Hey, I met Nea at MediaWest!
no subject
Date: 2010-05-07 12:59 pm (UTC)Y'know, last time you were over, I forgot to give you the Dangling Prussians. Still want 'em?
no subject
Date: 2010-05-07 08:42 pm (UTC)no subject
Date: 2010-05-07 04:05 pm (UTC)http://transformativeworks.org/node/694
Check that out, it should help you with info on the How Tos of donating.
no subject
Date: 2010-05-07 08:41 pm (UTC)I may not do it soon but I've definitely noted that website for the future. And it sounds like they take newsletters and associated stuff as well as zines. (And they even pay for shipping!)
no subject
Date: 2010-05-07 04:56 pm (UTC)So did I! After meeting online first.
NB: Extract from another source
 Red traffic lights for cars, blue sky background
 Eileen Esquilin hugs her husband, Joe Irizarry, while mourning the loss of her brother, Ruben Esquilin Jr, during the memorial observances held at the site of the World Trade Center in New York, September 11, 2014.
And even my fannish friends looked a little askance at me when I told them I was going to move in with a roommate I mostly knew from an email mailing list. But she hasn't murdered me in my sleep yet, so after 9 years, I think I'm safe...
no subject
Date: 2010-05-07 08:15 pm (UTC)I'd say it worked out pretty well, over all. No MWC for me again this year (bought a new car instead), but might manage TARDIS CON again; give me time to catch up on my WHO so I don't feel as much like an imposter this year....
no subject
Date: 2010-05-07 11:22 pm (UTC)Ah, APAritions. Back in the pre-computer days...
no subject
Date: 2010-05-07 11:18 pm (UTC)no subject
Date: 2010-05-07 12:55 pm (UTC)Still, it's worth noting that U of Iowa takes them. I should research that and stick an addendum on my will.